There's so much I want to say, but I don't even know where to start.

What is reasonable to ask for in a friend? What are the qualities that make someone trustworthy? When do you say enough is enough, and cut the ties?

A few weeks ago, I was ready to end one of my closest friendships because of factors outside of both of our realms of control. I just couldn't take it anymore. I had a letter written, revised, and rewritten, and was about to give it to this person.

Out of the blue, another one of my closest friends comes to me and says she mad at me. She won't tell me why, just that she's mad. Both of us are extremely busy, and so we couldn't really talk at all until late that night. Even then, it was online. The talk did not go well. We both said things that hurt the other, and in the end, all ounces of trust, at least on my side, were gone. Broken. In the matter of a day, I went from being really good friends with the person, to not friends at all.

So now, back to the person I was going to intentionally end the friendship with... I couldn't do it. I couldn't lose two of my closest friends like that. Since that incident, the person I was going to give the letter that ended our friendship, has become my closest, and my most trusted friend. My "best friend" per se, even though I despise that title and don't generally give it to people.

In a normal situation, I wouldn't think anything of this. But this is not a normal situation. My closest friend is a guy, which would be fine if I had other close friends who were girls. Unfortunately I don't have other close friends that are girls. There are girls that I want to open up to, and let them in, but I hold back, and build my walls up even higher, and even thicker, wondering, if I let them in now, and let them see the not-so-pretty-parts of who I am, how will they use that against me later on? How will they use weaker areas of who I am to use, manipulate, and trample all over me for their own gain? Then leave me beaten, broken, helpless and alone?

I guess I should be glad that I have someone that I trust, and can talk to about how stuff is going, and not have to make it flowery, or candycoat it. Male or female, not everyone has that. And don't get me wrong, I love this person's friendship, and I'm not going to give it up easily. I value this person's opinions, thoughts, the little ways he helps me out when I need an extra boost, his friendship overall. Even with his friendship though, I find myself holding back, for fear of how I may be hurt later on.

Monday, February 23, 2009

How is that stories written several thousand years ago are still relevant and helpful today?
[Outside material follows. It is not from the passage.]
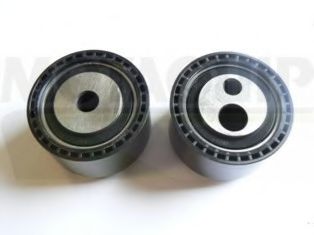 Комплект ремня ГРМ FAI TBK111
There have been several blogs that I have written in the month since my last post, but for one reason or another, I have deemed them too personal to publish.

A lot has been happening. Well, maybe not a lot, but enough to make the last month a long one. The most notable issue, being the loss of one of my best friends. I'm not exactly sure what happened, suffice to say that we got in a pretty big fight, and hurtful comments were thrown around on both sides, so no, I am not completely innocent in the situation. Nevertheless, my trust in this person has been broken.

I thought that because of that situation, my trust issues, and my walls were going to come back with vengeance, and that I would have an even harder time trusting people, especially girls, which is already a huge struggle I have. The trust issues, did come back, but not in the way I thought they would. I thought it would be women in general I would have a hard time trusting, but instead, it was the people I had already let in. The people who had already earned my trust that I had a hard time believing they would not use that trust and confidence against me.

This past weekend was Revo's annual Women's Retreat. This year, the theme was "Breaking Down Walls". Ironic, I know... I didn't really know what to expect going into this retreat, or if God would even show up, but as God seems to like to do, he proved me wrong. Leah Chandler talked about Joshua, and the toppling of the fortress city of Jericho. We focused on Joshua 1:9 Have I not commanded you? Be strong and courageous. Do not be afraid and do not be dismayed, for the Lord your God is with you wherever you go.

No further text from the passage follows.